"Mail Art is not square, a rectangle, or a photo, or a book, or a slide. It is a river"
- Ray Johnson, 1984
Ray Johnson was the father of the New York Correspondance [sic] School (“NYCS”), a mail art network for which Johnson used the Postal system as part of an art practice that linked people in a wide circle of artistic exchange. In high school, Johnson began sending objects, collages, letters, and postcards with illustrated messages to friends. In 1955, he created mimeographed lists of moticos (in this case the moticos are phrase fragments) and then produced offset-printed pages of texts and drawings, all of which he distributed through the mail to a widening group of friends and prospective correspondents. Later using offset printing, he created the pages which formed his A Book About Death (1963-65) and subsequently distributed these pages a few at a time through the mail to NYCS "members."

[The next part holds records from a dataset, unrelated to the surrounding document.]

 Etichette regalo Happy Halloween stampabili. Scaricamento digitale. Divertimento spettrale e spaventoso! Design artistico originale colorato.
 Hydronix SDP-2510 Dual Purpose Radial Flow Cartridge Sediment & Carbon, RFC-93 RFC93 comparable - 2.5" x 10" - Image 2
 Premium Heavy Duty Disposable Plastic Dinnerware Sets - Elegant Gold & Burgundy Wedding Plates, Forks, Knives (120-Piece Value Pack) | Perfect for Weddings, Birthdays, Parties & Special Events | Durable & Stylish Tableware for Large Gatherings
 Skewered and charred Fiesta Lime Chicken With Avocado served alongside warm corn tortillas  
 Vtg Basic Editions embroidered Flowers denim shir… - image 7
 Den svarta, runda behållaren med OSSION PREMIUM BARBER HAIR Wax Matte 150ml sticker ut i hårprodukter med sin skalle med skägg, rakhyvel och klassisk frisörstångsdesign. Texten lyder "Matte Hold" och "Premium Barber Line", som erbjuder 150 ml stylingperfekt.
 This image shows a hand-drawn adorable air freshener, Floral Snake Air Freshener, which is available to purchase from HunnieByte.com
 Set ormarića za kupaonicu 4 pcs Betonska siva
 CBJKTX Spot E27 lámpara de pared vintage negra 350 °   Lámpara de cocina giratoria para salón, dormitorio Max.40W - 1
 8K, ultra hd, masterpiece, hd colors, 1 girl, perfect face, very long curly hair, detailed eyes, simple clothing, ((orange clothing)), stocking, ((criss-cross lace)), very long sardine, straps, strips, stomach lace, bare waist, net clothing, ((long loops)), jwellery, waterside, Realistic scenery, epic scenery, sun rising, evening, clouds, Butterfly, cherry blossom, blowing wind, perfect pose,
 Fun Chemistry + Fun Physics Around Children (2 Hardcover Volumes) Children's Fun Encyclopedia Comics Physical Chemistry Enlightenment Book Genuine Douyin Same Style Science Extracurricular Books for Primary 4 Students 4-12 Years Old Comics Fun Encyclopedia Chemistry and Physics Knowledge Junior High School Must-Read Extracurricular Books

By 1959, the practice of “Mail Art”, sending highly conceptual images and texts to friends and acquaintances, urging them to “ Please Send To...” and later to “Please Add To & Return...”, became a significant activity. The subject matter and the recipients were further linked by “correspondences” which Johnson created or observed using their names, identities, activities, and sounds involved in describing all the above or a numerological relationship between them.
In 1962, Ed Plunkett - one of his correspondents - suggested the name New York Correspondence School (NYCS), a humorous play on the "art" schools that were advertised on matchbook covers in the 1950s and 1960s and on the "correspondence" courses offering advanced degrees by mail. Johnson switched the middle “e” into an “a,” making it Correspondance to suggest movement and play. Starting in April 1968, Johnson distributed mailings that called for “meetings” of the NYCS, where people sometimes came together (sometimes not) and during which Ray would often perform a “nothing”, part of his performance art practice. Many of his announcements were of fictive or virtual “meetings” of phantom “clubs.” On April 5, 1973, Ray Johnson sent a notice to The New York Times announcing the "death" of the New York Correspondance School. It is signed "Buddha University" with a bunny head. After this date, Johnson’s mailing activities continued apace (despite their announced “death”) under many guises such as Buddha University and Asparagus Club. Johnson continued to distribute announcements of new "clubs" and their activities - The Dead Pan Club, the Marcel Duchamp Fan Club, Spam Radio Club, and others - into the late 1980s. Johnson inspired a vast international network of mail artists and correspondents who continue creating, "sending" "adding", and posting, to this day.